5月4日にロンドンで開催された靴磨き世界大会2024で世界一に輝いた、西上悦弘さん(32)の工房を、RKBラジオのキャスタードライバー・スナッピーが訪問。6月26日のRKBラジオ『Toi toi toi』で、その卓越した技術を紹介しました。(報告・スナッピー神谷留菜)

 

西上さんが仲間と共に切り盛りしているのは福岡市中央区の靴磨き専門店「Boston&Re Olds」。靴磨き職人として11年目という西上さんは「靴を大切にしている素敵なお客様のために、自分自身も身だしなみには人一倍、気を遣っていきたい」と常にスーツ姿で接客しています。

 

店内には、今年5月の世界大会で優勝したときのメダルと、そのときに磨かれた革靴が飾られています。見てビックリ、つま先部分がピッカーン! 覗き込むと顔が写ってしまうくらい、鏡のように輝いています。

 

世界大会では、予選の写真審査を通過したたった3名が、開催地のロンドンで靴を磨きます。全く同じ新品の革靴の片足だけを20分間磨き、仕上がりの美しさを競いました。

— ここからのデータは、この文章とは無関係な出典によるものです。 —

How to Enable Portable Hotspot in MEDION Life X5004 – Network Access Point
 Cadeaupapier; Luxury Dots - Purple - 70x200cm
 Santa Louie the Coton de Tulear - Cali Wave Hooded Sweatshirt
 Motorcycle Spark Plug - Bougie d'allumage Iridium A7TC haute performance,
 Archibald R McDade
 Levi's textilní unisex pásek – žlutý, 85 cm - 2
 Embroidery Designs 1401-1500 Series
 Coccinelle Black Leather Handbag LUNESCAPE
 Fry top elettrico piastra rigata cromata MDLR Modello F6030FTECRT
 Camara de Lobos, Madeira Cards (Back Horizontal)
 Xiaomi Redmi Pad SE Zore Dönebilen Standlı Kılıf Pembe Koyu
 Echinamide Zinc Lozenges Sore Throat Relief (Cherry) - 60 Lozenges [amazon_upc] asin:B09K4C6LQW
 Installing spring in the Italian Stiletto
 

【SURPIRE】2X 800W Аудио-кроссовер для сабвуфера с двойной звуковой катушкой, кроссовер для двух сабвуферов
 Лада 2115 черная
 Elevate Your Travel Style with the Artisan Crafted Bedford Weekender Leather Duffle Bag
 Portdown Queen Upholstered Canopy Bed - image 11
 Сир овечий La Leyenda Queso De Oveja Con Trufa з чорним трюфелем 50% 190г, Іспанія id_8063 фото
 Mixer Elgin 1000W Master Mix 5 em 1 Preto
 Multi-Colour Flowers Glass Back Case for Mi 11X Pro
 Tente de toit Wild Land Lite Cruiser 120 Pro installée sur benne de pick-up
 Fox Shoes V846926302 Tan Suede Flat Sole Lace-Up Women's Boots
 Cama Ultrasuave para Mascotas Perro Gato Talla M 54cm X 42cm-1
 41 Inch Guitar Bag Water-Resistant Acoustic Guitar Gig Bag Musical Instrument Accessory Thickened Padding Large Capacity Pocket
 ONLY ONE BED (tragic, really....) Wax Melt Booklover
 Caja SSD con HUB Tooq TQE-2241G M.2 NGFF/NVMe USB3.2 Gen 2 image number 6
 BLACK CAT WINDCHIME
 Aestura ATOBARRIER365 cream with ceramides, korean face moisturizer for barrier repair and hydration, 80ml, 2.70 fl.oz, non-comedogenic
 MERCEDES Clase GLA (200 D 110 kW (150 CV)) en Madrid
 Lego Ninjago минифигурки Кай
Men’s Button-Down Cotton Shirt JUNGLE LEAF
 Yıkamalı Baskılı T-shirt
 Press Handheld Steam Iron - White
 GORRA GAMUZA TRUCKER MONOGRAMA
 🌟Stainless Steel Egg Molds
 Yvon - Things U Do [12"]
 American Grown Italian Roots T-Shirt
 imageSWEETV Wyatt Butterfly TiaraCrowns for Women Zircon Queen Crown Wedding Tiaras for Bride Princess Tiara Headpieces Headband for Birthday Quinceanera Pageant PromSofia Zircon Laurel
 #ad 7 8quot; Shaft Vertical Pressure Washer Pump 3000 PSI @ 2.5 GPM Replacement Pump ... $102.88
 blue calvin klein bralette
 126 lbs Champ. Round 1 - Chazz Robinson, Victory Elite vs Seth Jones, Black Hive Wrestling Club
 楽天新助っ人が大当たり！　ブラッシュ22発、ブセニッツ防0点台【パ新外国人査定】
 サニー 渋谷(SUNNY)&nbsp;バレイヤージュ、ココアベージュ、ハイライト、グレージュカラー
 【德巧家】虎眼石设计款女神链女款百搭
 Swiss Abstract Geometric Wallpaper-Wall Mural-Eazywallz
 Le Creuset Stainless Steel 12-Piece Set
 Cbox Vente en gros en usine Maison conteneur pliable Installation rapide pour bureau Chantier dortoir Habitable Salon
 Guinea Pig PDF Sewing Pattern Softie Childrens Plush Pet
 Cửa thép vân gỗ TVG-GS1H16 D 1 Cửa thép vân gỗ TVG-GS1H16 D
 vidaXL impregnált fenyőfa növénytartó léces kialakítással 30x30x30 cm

西上さんは今回、2回目の挑戦。「長年のお客様に、やっと世界一の誇りを持って靴を磨いて恩返しができます」と笑顔をこぼしていました。

 

そんな西上さんに、世界一の靴磨きの極意を教わります。磨く靴はRKBラジオ『Toi toi toi』Sディレクターの黒い革靴。4年前に購入したコールハーンの革靴は白い泥汚れが目立ち、見るからに磨きがいがありそう(笑)右足を西上さん、左足をスナッピー神谷が磨きます。

 

靴磨きはブラッシングとワックスがけ、そして磨きの3ステップ。西上さんによると、この中で特に大切なのが、最初のブラッシングとのこと。靴の上をほうきで菷くように、優しくブラシを当てるのがコツです。この作業をするだけでも、靴のくすみが取れ、本来の革の黒い色味がより濃く感じるようになりました!

次に、色が抜けて薄くなっている部分に黒いクリームで補色しながら、輝かせたいつま先の部分には重点的にワックスを塗り込みます。

最後はガーゼ布を指に巻いて、ひたすら磨きます。始める前は靴の汚れを落とすために力を込めてゴシゴシするイメージでしたが、西上さんは「指先を使って力加減を調節し、革の流れを感じながら行うことが大切」とコツを教えてくれました。また「皮革は、肌のお手入れをすることに似ているんですよ」とも。

たしかに、靴磨きに使用するクリームやワックスは、ミツロウやシアバターなど、天然由来の優しい成分でてきています。まさにお肌を手入れするように繊細なものなのだと感じました。

出来上がりを比べてみると…

 

輝きの鋭さが違います! さらに最も大きな違いは、全体のバランス。西上さんの磨いた右足の靴は、つま先から後方にかけて、磨きが綺麗なグラデーションとなり、自然な仕上がりになっています。「ただ闇雲に磨くのではなく、最後の仕上がりをイメージしながら」磨いているそうです。

 

丁寧に手入れをすれば10年以上、長ければ20年も持つという革靴。梅雨の時期は湿気が溜まりやすいので、靴箱の扉を開けたり靴を立てかけたりして、靴底を空気にさらすと良いそうです。また、1度履いたらその靴は最低でも2日は休めるのが、長持ちさせる秘訣だそうです。

西上さんから靴磨きを通して、ものを大切にする紳士の心意気を学びました。ありがとうございました。